_AIM OF THE TASK_
Each line of the material below is to be written out exactly. Leave out any picture.

_PROVIDED DATA_
——————————
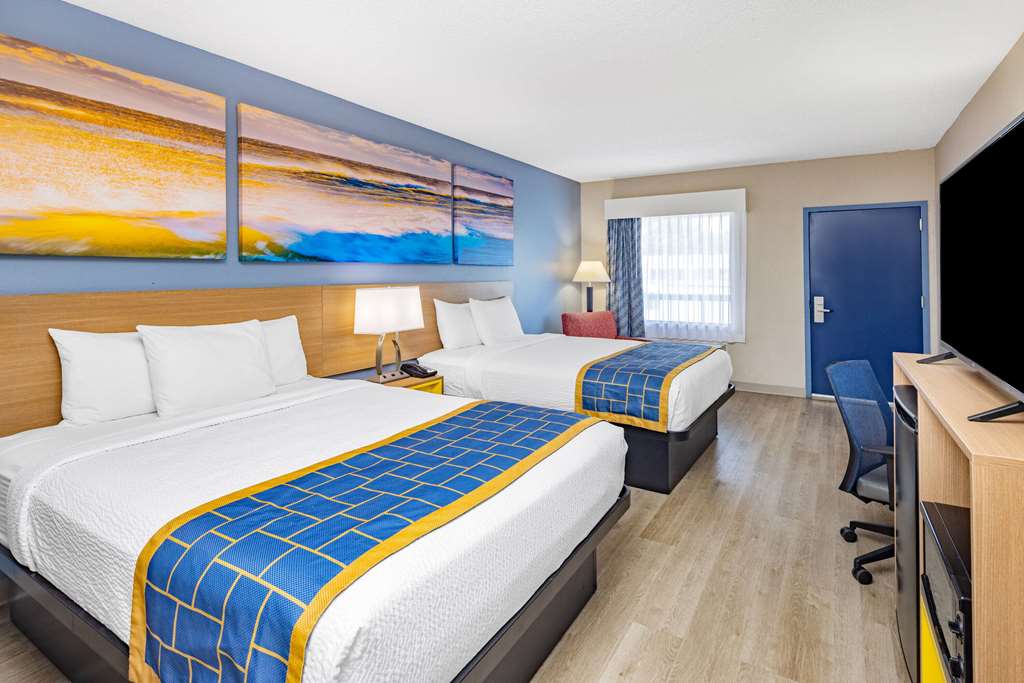 Days Inn & Suites by Wyndham Savannah Midtown - photo 18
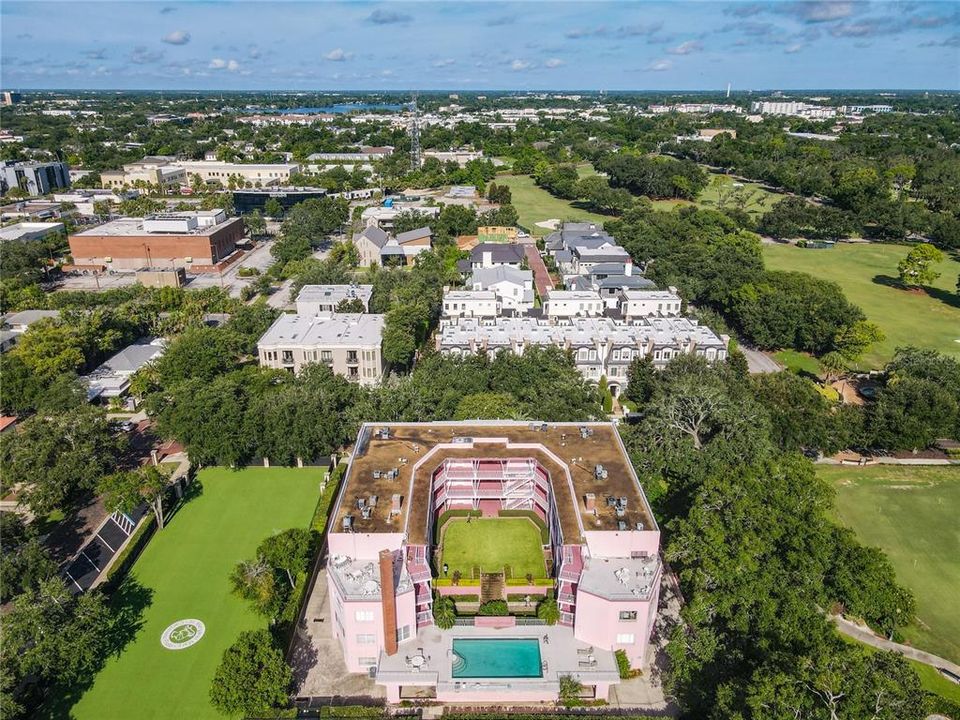 For Rent: $2,200 (1 beds, 1 baths, 673 Square Feet)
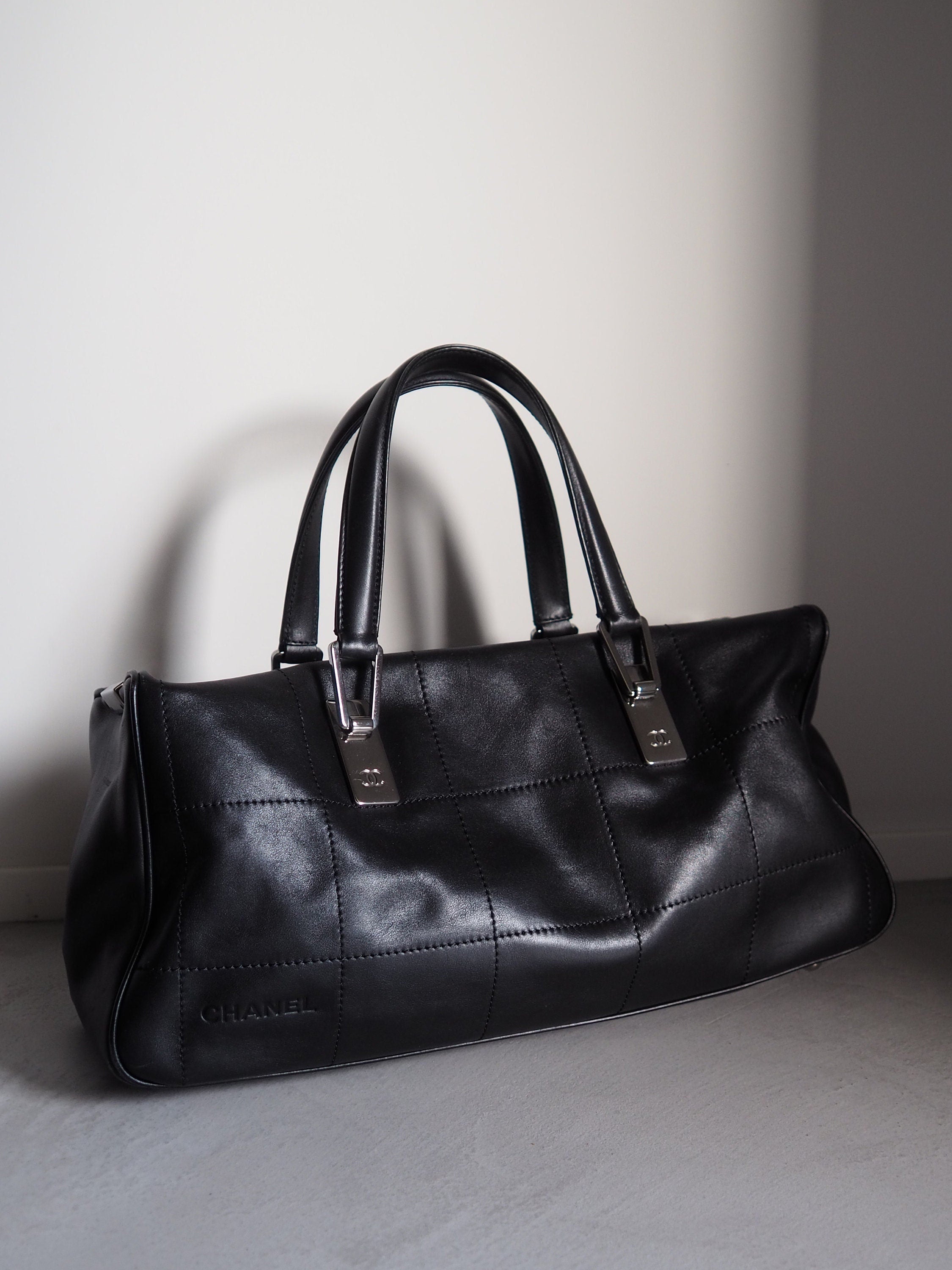 CHANEL Chocolate bar Hand Boston Bag Black Leather Silver Metal Vintage Authentic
——————————
_SOLUTION FOR THIS TASK_
 Days Inn & Suites by Wyndham Savannah Midtown - photo 18
 For Rent: $2,200 (1 beds, 1 baths, 673 Square Feet)
 CHANEL Chocolate bar Hand Boston Bag Black Leather Silver Metal Vintage Authentic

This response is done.